I'll use my own box labelling so that the method is shorter to describe.
Step 1: First I'll remove the labels, then pick any three boxes and test them. Whichever of the three boxes is the median I'll label B, and the other two boxes are A and C.
Step 2:
Pick B and the two unlabelled boxes. If the median of these is again box B, then we are done - B must be the median. If the outcome is another box, I'll label that box E, and the other unlabelled box becomes D.
Step 3:
Test A, C, and E. The outcome of this test is the median of the five boxes.
Reasoning:
If the first two tests have the same answer B, then that must be the median because B must have A,C on either side and also D,E on either side. So it has 2 boxes on either side and is therefore the median.
If second outcome is E, then median cannot be B (B has D, E, and one of A,C on one side) and also not D (it has B, E on one side, and beyond B there must also be one of A or C).

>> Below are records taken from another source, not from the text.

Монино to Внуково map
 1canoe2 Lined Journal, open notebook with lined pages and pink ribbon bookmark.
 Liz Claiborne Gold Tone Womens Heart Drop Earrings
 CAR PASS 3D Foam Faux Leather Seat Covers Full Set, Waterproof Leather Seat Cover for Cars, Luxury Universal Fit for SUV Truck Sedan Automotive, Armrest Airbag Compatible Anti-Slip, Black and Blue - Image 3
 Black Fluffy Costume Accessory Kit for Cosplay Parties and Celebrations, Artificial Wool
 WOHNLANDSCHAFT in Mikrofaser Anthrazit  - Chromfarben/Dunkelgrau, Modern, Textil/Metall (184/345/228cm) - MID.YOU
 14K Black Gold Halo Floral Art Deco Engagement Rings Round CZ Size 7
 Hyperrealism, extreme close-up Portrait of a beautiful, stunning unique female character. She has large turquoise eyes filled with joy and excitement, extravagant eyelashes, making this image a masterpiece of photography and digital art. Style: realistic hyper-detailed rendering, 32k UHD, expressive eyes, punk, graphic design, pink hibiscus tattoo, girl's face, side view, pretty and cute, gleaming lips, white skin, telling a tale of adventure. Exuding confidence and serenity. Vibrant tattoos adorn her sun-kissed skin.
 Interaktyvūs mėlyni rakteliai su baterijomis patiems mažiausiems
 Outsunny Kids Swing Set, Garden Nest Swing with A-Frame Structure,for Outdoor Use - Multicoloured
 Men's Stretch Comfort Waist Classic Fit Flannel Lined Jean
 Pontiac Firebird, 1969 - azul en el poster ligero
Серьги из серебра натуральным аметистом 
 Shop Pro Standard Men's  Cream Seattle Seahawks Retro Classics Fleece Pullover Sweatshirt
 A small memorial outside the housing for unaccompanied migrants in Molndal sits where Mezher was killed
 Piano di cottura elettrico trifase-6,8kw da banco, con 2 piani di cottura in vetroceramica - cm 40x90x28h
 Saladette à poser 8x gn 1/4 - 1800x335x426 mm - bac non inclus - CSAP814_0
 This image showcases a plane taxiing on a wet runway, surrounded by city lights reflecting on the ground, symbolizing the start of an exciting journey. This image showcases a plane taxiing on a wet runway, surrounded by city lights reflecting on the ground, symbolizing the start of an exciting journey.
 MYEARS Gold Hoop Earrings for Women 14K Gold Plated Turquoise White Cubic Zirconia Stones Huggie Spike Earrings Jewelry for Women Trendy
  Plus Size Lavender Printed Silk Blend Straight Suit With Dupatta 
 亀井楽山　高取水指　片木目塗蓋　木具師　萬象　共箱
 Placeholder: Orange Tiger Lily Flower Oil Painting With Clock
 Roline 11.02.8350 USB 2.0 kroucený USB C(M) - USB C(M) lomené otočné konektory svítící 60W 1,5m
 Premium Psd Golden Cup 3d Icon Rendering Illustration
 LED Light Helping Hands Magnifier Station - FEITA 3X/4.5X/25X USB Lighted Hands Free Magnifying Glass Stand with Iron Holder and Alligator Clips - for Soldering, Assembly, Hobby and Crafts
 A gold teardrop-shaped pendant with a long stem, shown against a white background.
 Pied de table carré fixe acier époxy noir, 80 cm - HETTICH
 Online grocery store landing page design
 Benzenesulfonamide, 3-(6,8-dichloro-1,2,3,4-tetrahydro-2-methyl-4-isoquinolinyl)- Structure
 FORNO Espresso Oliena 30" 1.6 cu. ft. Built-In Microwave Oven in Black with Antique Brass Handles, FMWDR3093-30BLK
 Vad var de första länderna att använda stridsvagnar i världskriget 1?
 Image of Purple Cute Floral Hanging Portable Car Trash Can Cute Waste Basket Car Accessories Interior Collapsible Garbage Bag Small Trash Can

Note also that whichever side of the median B lies, one of A or C must lie beyond it, leaving no room for anything else. This means that B and D lie on different sides of the median. Removing them both will not change the median, so that the median must be whichever one of A, C, E lies in the middle.
Proof of optimality:
Suppose there was a method using only two steps. The two steps must involve all 5 boxes (any untested box could be the median but you would never know it from the results of your tests on the other boxes). Therefore the two tests must have exactly one box in common. If the shared box is the median in one of the two tests, then with appropriate box labelling it matches the first two steps in the solution above. After those two steps, any of A, C, E could still be the median (e.g. ABCDE, CBEDA, CBAED). Regardless of which of the three boxes from the first test you choose to reuse in the second test, it is possible for the outcome of the second test to be such that the shared box is the median in only one of the tests. So two tests are not guaranteed to be sufficient.